Entre el humor que dan los años y la tragedia de asumirlos podría haber múltiples lecturas interesantes y en esta película, de comienzo prometedor y de intenciones sonrientes, lo que hay es una tendencia hacia la levedad que la hace sosa, aburrida, carente de fuerza, asustada y bastante insoportable en algunos trechos.
Parece mentira que, aún así, haya que destacar el trabajo de Isabella Rosellini, bastante más entonada que su compañero William Hurt, con plenitud de expresiones que recorren la seriedad, lo traumático, la incomprensión, la desorientación, el buen humor y la complicidad. Lo malo de todo ello es que la directora Julie Gavras no se inclina decididamente por la comedia teniendo mimbres para ello y pone en juego toda una serie de situaciones supuestamente graciosas que lo serán para ella en su casa a la hora de tomar el té. Más que nada porque pretende hacer una comedia de cierto clasicismo con una realización marcadamente europea y el refrito huele a rancio. Es un chiste fácil pero al salir de ver esta película es lo que pide el cuerpo. Incluso, en determinado momento, parece que las excusas y los motivos que rodean a los dos personajes protagonistas se antojan insuficientes para la señorita Gavras y entonces decide poner en juego a tres lindos retoños que apenas habían sido presentados con anterioridad, que sobresalen por una frialdad que deja helado, y que se proponen ser las bisagras que vuelvan a unir un marco y una puerta que nunca debieron separarse.
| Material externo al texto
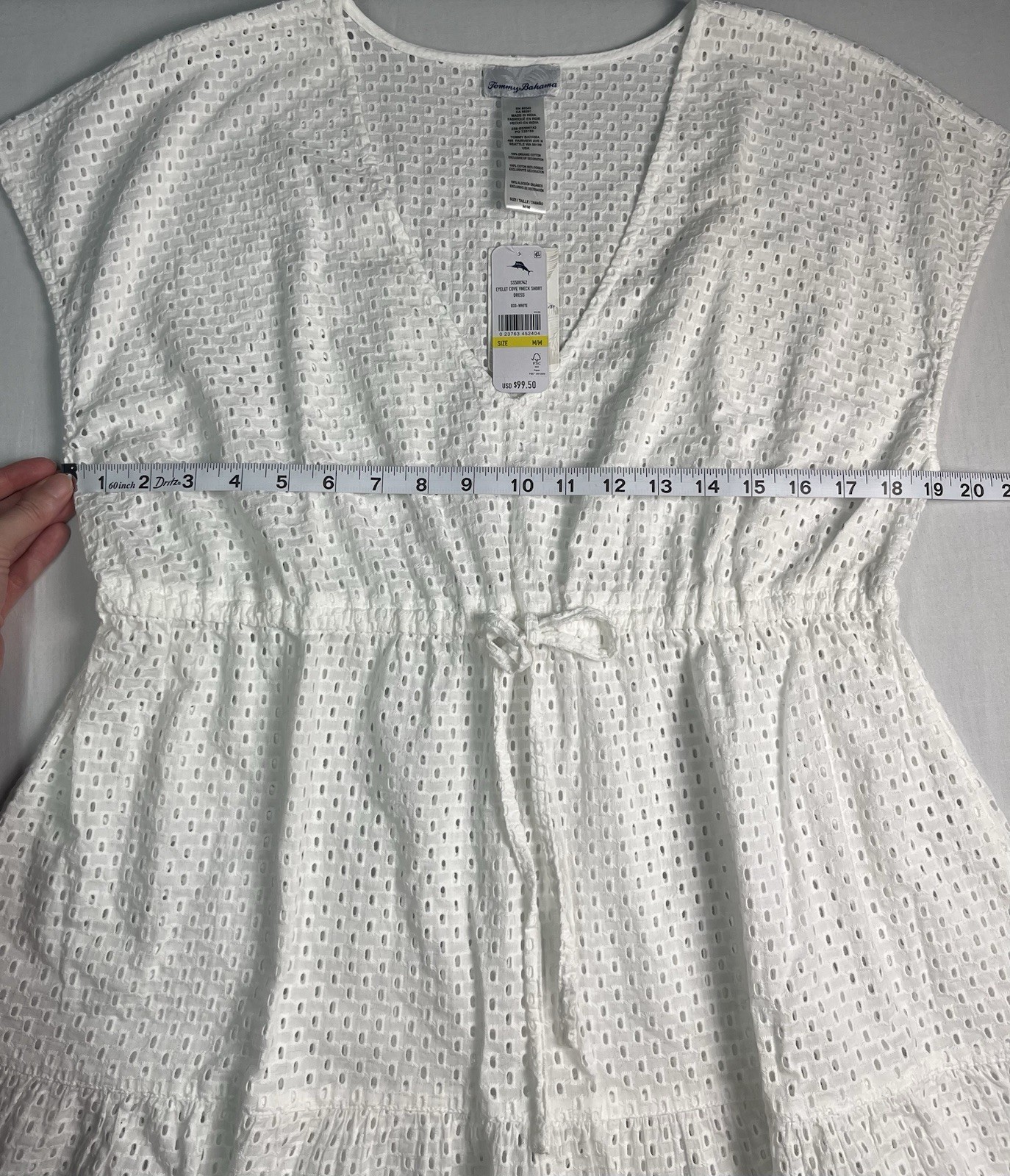 Tommy Bahama White Cotton Eyelet V-Neck Cap Sleeve Tie Waist Dress M *STAIN*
El caso es que la vejez tampoco consiste en mantenerse ocupado obsesivamente sino en estar contento con lo que se hace, sin atender demasiado a razones deprimentes que puedan opinar los demás. Y mucho menos es tener una aventura para demostrarse que aún se puede hacer el amor con plenitud de experiencias y sensaciones. La vejez es una historia que merece ser contada y a la memoria me viene la reciente El exótico Hotel Marigold, de John Madden, de parecidas intenciones pero distantes resultados que deja a ésta en un mero ejercicio de aprendizaje no demasiado aplicado.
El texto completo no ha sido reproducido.